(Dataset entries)
■ ■ ■ ■

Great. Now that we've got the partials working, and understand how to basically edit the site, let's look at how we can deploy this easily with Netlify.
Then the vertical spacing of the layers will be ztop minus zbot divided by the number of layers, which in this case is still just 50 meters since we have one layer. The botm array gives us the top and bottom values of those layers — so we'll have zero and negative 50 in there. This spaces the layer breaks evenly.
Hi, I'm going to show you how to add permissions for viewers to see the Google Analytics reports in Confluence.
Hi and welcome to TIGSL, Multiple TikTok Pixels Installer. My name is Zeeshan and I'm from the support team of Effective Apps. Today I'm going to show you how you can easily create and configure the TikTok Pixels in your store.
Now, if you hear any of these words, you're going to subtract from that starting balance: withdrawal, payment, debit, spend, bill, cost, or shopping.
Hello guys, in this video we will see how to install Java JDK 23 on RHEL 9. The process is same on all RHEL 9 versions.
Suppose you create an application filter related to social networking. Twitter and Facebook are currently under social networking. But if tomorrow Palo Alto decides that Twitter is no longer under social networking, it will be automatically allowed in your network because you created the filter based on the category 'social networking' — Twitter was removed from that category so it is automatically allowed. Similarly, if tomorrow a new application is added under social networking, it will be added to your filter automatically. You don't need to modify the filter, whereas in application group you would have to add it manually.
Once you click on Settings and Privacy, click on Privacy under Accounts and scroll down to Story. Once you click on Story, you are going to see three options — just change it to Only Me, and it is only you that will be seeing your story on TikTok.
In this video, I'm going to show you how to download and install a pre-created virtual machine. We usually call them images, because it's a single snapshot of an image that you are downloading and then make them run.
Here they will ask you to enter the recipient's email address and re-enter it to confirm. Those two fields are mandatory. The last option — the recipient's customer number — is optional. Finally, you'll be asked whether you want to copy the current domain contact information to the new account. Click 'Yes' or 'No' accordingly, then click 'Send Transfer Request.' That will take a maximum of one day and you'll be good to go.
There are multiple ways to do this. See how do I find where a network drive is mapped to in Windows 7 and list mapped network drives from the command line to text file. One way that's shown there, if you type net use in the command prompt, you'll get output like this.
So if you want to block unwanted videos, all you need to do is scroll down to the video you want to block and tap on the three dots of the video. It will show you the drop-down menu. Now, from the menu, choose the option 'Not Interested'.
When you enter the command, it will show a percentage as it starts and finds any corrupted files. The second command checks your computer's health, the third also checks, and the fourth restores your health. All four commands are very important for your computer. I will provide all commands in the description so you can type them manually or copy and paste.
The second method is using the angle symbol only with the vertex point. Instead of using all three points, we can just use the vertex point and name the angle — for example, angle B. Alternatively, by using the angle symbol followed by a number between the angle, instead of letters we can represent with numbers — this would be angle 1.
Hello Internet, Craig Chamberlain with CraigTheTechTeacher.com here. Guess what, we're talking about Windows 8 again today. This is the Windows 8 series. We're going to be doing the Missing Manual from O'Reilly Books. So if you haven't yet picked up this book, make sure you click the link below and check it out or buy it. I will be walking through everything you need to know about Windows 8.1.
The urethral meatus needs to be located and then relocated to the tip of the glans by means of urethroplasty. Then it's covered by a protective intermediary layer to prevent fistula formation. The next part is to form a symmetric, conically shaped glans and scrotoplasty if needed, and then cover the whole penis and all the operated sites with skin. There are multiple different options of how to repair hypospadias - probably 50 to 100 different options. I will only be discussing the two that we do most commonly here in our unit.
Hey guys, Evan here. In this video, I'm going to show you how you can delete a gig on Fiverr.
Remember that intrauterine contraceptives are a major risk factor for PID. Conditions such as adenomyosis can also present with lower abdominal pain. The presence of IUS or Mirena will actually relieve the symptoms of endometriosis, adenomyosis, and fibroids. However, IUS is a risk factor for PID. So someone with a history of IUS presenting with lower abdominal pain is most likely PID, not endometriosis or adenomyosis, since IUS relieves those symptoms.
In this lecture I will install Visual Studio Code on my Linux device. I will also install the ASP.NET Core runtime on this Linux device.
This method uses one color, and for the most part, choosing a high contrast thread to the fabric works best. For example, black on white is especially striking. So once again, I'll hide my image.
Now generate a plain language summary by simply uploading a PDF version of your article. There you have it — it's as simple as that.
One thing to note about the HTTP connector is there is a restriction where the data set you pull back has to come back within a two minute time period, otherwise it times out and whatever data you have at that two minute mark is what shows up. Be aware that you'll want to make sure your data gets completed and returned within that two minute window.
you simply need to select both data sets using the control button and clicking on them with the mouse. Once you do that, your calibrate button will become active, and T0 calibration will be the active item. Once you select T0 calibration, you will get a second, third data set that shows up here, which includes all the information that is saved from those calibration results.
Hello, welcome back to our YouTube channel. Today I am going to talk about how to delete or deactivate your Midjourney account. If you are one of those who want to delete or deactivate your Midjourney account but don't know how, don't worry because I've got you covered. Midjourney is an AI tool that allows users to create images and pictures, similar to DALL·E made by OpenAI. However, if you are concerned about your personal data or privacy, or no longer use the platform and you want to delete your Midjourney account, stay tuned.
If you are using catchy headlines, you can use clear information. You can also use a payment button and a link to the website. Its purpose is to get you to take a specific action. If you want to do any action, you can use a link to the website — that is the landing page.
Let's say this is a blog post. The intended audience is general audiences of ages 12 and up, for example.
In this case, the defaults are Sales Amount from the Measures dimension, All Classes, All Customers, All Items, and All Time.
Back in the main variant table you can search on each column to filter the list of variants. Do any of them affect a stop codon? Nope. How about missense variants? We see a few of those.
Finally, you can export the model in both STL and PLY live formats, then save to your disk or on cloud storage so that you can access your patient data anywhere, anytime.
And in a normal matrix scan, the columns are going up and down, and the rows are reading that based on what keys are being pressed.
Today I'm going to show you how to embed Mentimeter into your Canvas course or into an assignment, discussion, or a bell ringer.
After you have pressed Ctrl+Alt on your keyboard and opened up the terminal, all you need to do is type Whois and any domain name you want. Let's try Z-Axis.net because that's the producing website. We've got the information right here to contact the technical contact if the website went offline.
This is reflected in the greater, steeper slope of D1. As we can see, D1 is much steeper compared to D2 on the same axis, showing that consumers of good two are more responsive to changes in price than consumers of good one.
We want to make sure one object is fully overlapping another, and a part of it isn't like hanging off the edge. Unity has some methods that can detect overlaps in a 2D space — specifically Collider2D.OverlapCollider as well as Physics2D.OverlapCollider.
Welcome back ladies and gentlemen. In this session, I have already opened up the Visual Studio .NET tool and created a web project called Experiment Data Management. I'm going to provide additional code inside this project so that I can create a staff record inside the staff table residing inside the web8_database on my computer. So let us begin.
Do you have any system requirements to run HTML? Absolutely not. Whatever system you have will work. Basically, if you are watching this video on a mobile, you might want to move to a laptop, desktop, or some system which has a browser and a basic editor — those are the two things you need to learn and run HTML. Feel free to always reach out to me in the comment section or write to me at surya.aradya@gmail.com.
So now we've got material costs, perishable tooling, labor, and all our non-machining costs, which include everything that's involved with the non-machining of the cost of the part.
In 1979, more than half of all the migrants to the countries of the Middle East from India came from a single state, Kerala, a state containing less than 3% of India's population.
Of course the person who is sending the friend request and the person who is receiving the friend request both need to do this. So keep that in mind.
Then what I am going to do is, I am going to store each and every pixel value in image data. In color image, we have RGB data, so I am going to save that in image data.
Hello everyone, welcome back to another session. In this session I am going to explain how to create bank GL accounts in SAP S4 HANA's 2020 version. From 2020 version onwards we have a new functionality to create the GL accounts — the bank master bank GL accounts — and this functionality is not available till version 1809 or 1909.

■ ■ ■ ■

The full set of entries above has to be restated exactly.

RESULT BELOW
Great. Now that we've got the partials working, and understand how to basically edit the site, let's look at how we can deploy this easily with Netlify.
Then the vertical spacing of the layers will be ztop minus zbot divided by the number of layers, which in this case is still just 50 meters since we have one layer. The botm array gives us the top and bottom values of those layers — so we'll have zero and negative 50 in there. This spaces the layer breaks evenly.
Hi, I'm going to show you how to add permissions for viewers to see the Google Analytics reports in Confluence.
Hi and welcome to TIGSL, Multiple TikTok Pixels Installer. My name is Zeeshan and I'm from the support team of Effective Apps. Today I'm going to show you how you can easily create and configure the TikTok Pixels in your store.
Now, if you hear any of these words, you're going to subtract from that starting balance: withdrawal, payment, debit, spend, bill, cost, or shopping.
Hello guys, in this video we will see how to install Java JDK 23 on RHEL 9. The process is same on all RHEL 9 versions.
Suppose you create an application filter related to social networking. Twitter and Facebook are currently under social networking. But if tomorrow Palo Alto decides that Twitter is no longer under social networking, it will be automatically allowed in your network because you created the filter based on the category 'social networking' — Twitter was removed from that category so it is automatically allowed. Similarly, if tomorrow a new application is added under social networking, it will be added to your filter automatically. You don't need to modify the filter, whereas in application group you would have to add it manually.
Once you click on Settings and Privacy, click on Privacy under Accounts and scroll down to Story. Once you click on Story, you are going to see three options — just change it to Only Me, and it is only you that will be seeing your story on TikTok.
In this video, I'm going to show you how to download and install a pre-created virtual machine. We usually call them images, because it's a single snapshot of an image that you are downloading and then make them run.
Here they will ask you to enter the recipient's email address and re-enter it to confirm. Those two fields are mandatory. The last option — the recipient's customer number — is optional. Finally, you'll be asked whether you want to copy the current domain contact information to the new account. Click 'Yes' or 'No' accordingly, then click 'Send Transfer Request.' That will take a maximum of one day and you'll be good to go.
There are multiple ways to do this. See how do I find where a network drive is mapped to in Windows 7 and list mapped network drives from the command line to text file. One way that's shown there, if you type net use in the command prompt, you'll get output like this.
So if you want to block unwanted videos, all you need to do is scroll down to the video you want to block and tap on the three dots of the video. It will show you the drop-down menu. Now, from the menu, choose the option 'Not Interested'.
When you enter the command, it will show a percentage as it starts and finds any corrupted files. The second command checks your computer's health, the third also checks, and the fourth restores your health. All four commands are very important for your computer. I will provide all commands in the description so you can type them manually or copy and paste.
The second method is using the angle symbol only with the vertex point. Instead of using all three points, we can just use the vertex point and name the angle — for example, angle B. Alternatively, by using the angle symbol followed by a number between the angle, instead of letters we can represent with numbers — this would be angle 1.
Hello Internet, Craig Chamberlain with CraigTheTechTeacher.com here. Guess what, we're talking about Windows 8 again today. This is the Windows 8 series. We're going to be doing the Missing Manual from O'Reilly Books. So if you haven't yet picked up this book, make sure you click the link below and check it out or buy it. I will be walking through everything you need to know about Windows 8.1.
The urethral meatus needs to be located and then relocated to the tip of the glans by means of urethroplasty. Then it's covered by a protective intermediary layer to prevent fistula formation. The next part is to form a symmetric, conically shaped glans and scrotoplasty if needed, and then cover the whole penis and all the operated sites with skin. There are multiple different options of how to repair hypospadias - probably 50 to 100 different options. I will only be discussing the two that we do most commonly here in our unit.
Hey guys, Evan here. In this video, I'm going to show you how you can delete a gig on Fiverr.
Remember that intrauterine contraceptives are a major risk factor for PID. Conditions such as adenomyosis can also present with lower abdominal pain. The presence of IUS or Mirena will actually relieve the symptoms of endometriosis, adenomyosis, and fibroids. However, IUS is a risk factor for PID. So someone with a history of IUS presenting with lower abdominal pain is most likely PID, not endometriosis or adenomyosis, since IUS relieves those symptoms.
In this lecture I will install Visual Studio Code on my Linux device. I will also install the ASP.NET Core runtime on this Linux device.
This method uses one color, and for the most part, choosing a high contrast thread to the fabric works best. For example, black on white is especially striking. So once again, I'll hide my image.
Now generate a plain language summary by simply uploading a PDF version of your article. There you have it — it's as simple as that.
One thing to note about the HTTP connector is there is a restriction where the data set you pull back has to come back within a two minute time period, otherwise it times out and whatever data you have at that two minute mark is what shows up. Be aware that you'll want to make sure your data gets completed and returned within that two minute window.
you simply need to select both data sets using the control button and clicking on them with the mouse. Once you do that, your calibrate button will become active, and T0 calibration will be the active item. Once you select T0 calibration, you will get a second, third data set that shows up here, which includes all the information that is saved from those calibration results.
Hello, welcome back to our YouTube channel. Today I am going to talk about how to delete or deactivate your Midjourney account. If you are one of those who want to delete or deactivate your Midjourney account but don't know how, don't worry because I've got you covered. Midjourney is an AI tool that allows users to create images and pictures, similar to DALL·E made by OpenAI. However, if you are concerned about your personal data or privacy, or no longer use the platform and you want to delete your Midjourney account, stay tuned.
If you are using catchy headlines, you can use clear information. You can also use a payment button and a link to the website. Its purpose is to get you to take a specific action. If you want to do any action, you can use a link to the website — that is the landing page.
Let's say this is a blog post. The intended audience is general audiences of ages 12 and up, for example.
In this case, the defaults are Sales Amount from the Measures dimension, All Classes, All Customers, All Items, and All Time.
Back in the main variant table you can search on each column to filter the list of variants. Do any of them affect a stop codon? Nope. How about missense variants? We see a few of those.
Finally, you can export the model in both STL and PLY live formats, then save to your disk or on cloud storage so that you can access your patient data anywhere, anytime.
And in a normal matrix scan, the columns are going up and down, and the rows are reading that based on what keys are being pressed.
Today I'm going to show you how to embed Mentimeter into your Canvas course or into an assignment, discussion, or a bell ringer.
After you have pressed Ctrl+Alt on your keyboard and opened up the terminal, all you need to do is type Whois and any domain name you want. Let's try Z-Axis.net because that's the producing website. We've got the information right here to contact the technical contact if the website went offline.
This is reflected in the greater, steeper slope of D1. As we can see, D1 is much steeper compared to D2 on the same axis, showing that consumers of good two are more responsive to changes in price than consumers of good one.
We want to make sure one object is fully overlapping another, and a part of it isn't like hanging off the edge. Unity has some methods that can detect overlaps in a 2D space — specifically Collider2D.OverlapCollider as well as Physics2D.OverlapCollider.
Welcome back ladies and gentlemen. In this session, I have already opened up the Visual Studio .NET tool and created a web project called Experiment Data Management. I'm going to provide additional code inside this project so that I can create a staff record inside the staff table residing inside the web8_database on my computer. So let us begin.
Do you have any system requirements to run HTML? Absolutely not. Whatever system you have will work. Basically, if you are watching this video on a mobile, you might want to move to a laptop, desktop, or some system which has a browser and a basic editor — those are the two things you need to learn and run HTML. Feel free to always reach out to me in the comment section or write to me at surya.aradya@gmail.com.
So now we've got material costs, perishable tooling, labor, and all our non-machining costs, which include everything that's involved with the non-machining of the cost of the part.
In 1979, more than half of all the migrants to the countries of the Middle East from India came from a single state, Kerala, a state containing less than 3% of India's population.
Of course the person who is sending the friend request and the person who is receiving the friend request both need to do this. So keep that in mind.
Then what I am going to do is, I am going to store each and every pixel value in image data. In color image, we have RGB data, so I am going to save that in image data.
Hello everyone, welcome back to another session. In this session I am going to explain how to create bank GL accounts in SAP S4 HANA's 2020 version. From 2020 version onwards we have a new functionality to create the GL accounts — the bank master bank GL accounts — and this functionality is not available till version 1809 or 1909.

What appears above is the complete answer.